# 1953 Power King



## mintojr (May 14, 2012)

I recently purchased a 1953 Power King @ Auction. Runs good, will need some carb work. Have some questions on the rarity of it. In place of a steering wheel it has a tiller bar. See photos.

Thanks for any help!!


----------



## pond1954 (Dec 15, 2011)

Yes, the tiller steers are highly sought after. Please post the tractors serial number and I'll be able to tell you for sure what year it is. It looks as though you are correct but let's make sure of what you have.


----------



## Larry in OK (Jul 22, 2010)

That just looks fun.


----------



## pond1954 (Dec 15, 2011)

The most fun thing about this tractor is the steering. With most tractors that have steering like this, you throw the handle to the right if you want to turn left, etc. On this tractor, you have to move the handle in the same direction that you wish to go. It may not seem like a big deal but it can really throw you if you're not ready for it.


----------



## mintojr (May 14, 2012)

Pond. Thanks I have verified it as a 1953. Fun to play around with. It's currently at the dealership and they are telling me it needed points, magneto, etc. started the work and then found out their computer was wrong and they don't have the mag!! Does anyone know where I can find one?


----------



## pond1954 (Dec 15, 2011)

From the looks of it, I would not doubt the 1953 year. I just always like to make sure. Nice tractor. I hope you get it fixed up the way you want it. It would bring a lot of attention at shows.


----------



## SITP (Jul 12, 2012)

I'd really like to see a pic of it restored!


----------



## dangeroustoys56 (Jul 26, 2010)

Id say on ebay or tractor collector/restoration sites to find the motor parts - depending on the make of the motor , also might want to see about any places carrying those parts.
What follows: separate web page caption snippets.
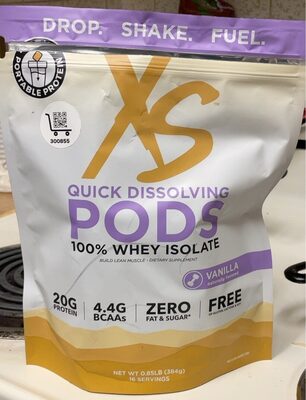 XS 100% Whey Isolate Quick Dissolving Pods Vanilla source label used in the packaging illustration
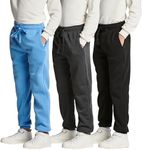 3 Pack: Boys Fleece Joggers Sweatpants Youth Teen Active Athletic Pajama Soft Warm Pants Pajamas Teen Gym Running Tech Sweats Casual Boys' Teens Winter Pockets Kids Drawstrings Sports-Set 4,M(10/12)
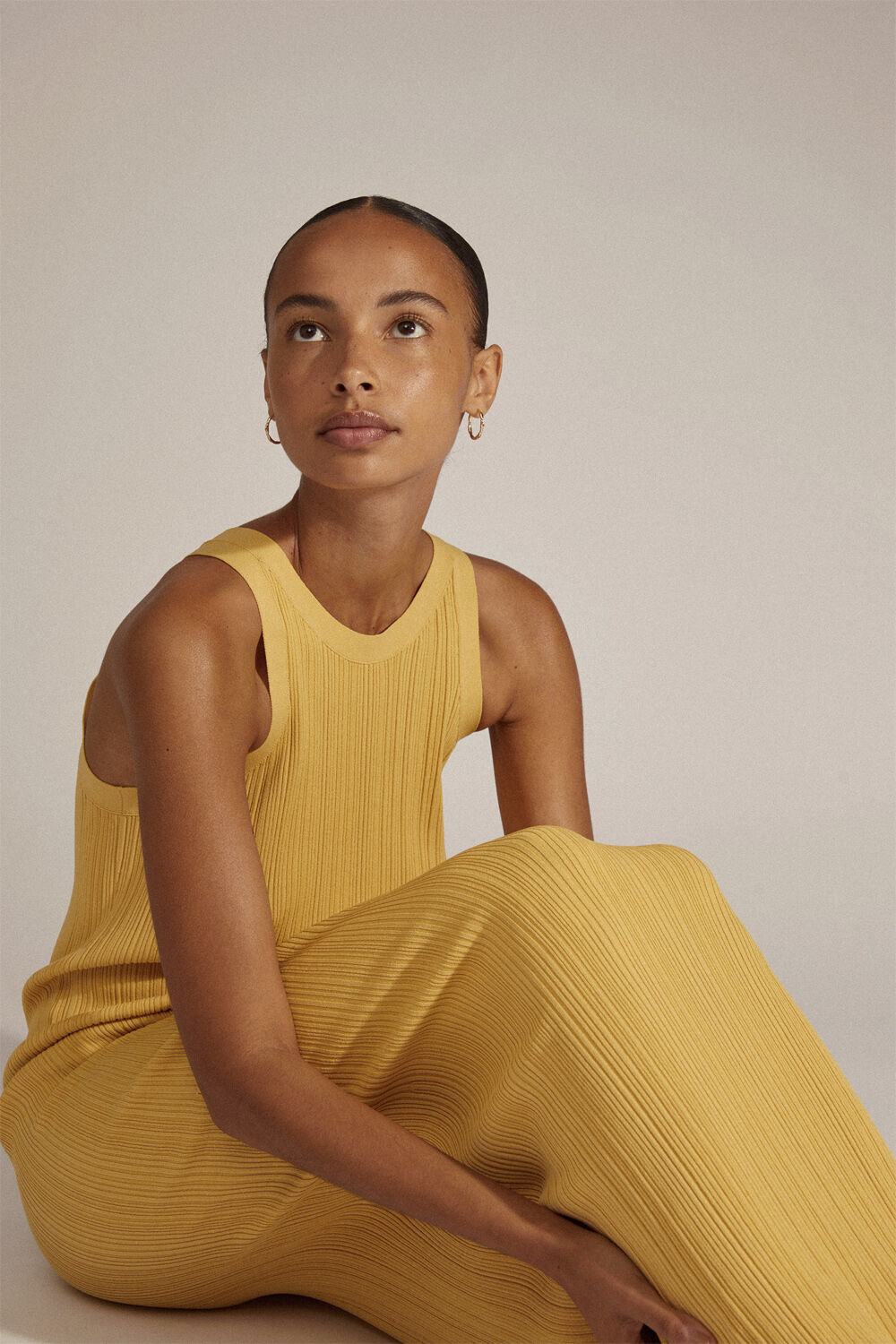 EDDY recycled organic shaped large hoops gold-plated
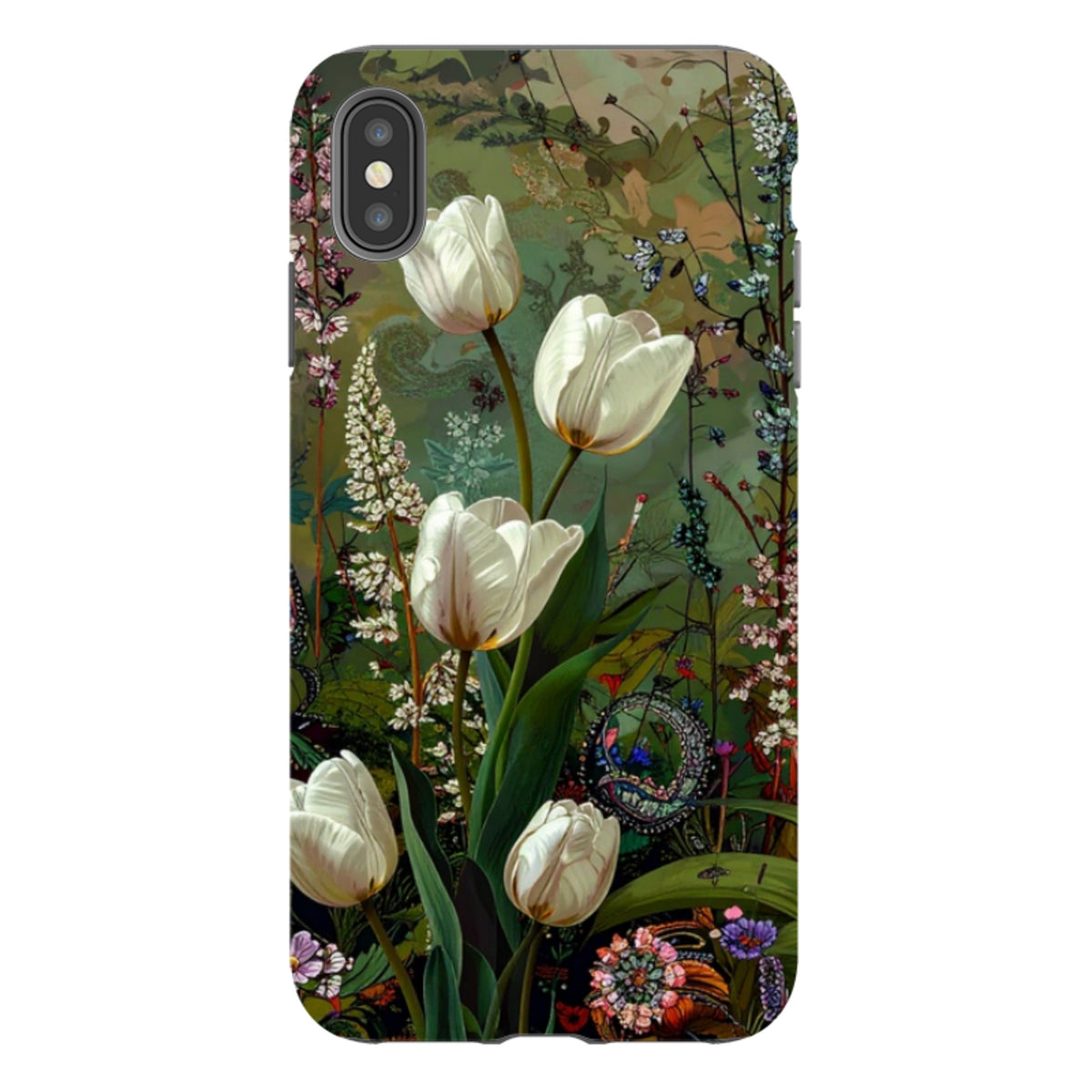iPhone Tough Case - Green Vyne White Tulips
Back north i had a very large lawntractor junkyard nearby - he carried all kinds of parts, new and used, prices were pretty reasonable.


----------



## cmac (Jun 17, 2012)

Nice find! Power Kings are great tractors, we had one for a while when I was a kid. There is a pretty big following for them. eBay usually has a decent amount of parts listed! Preserve the old iron!


----------



## Thomas (Nov 1, 2006)

Litte spit shine she'll look good in parades/shows....congrats.


----------



## mintojr (May 14, 2012)

All, got the mag ordered,,,one I get it should be good to go!! Cmac, my brother has a '68 with a dual trans!!


----------



## cmac (Jun 17, 2012)

Nice, I've read alittle about those, I'm a Case/Ingersoll man myself but if I found the right power king I prob wouldn't pass it up. The one we had for a short time only had a snow thrower w/cab and I think a rear blade. Glad u found the Mag.


----------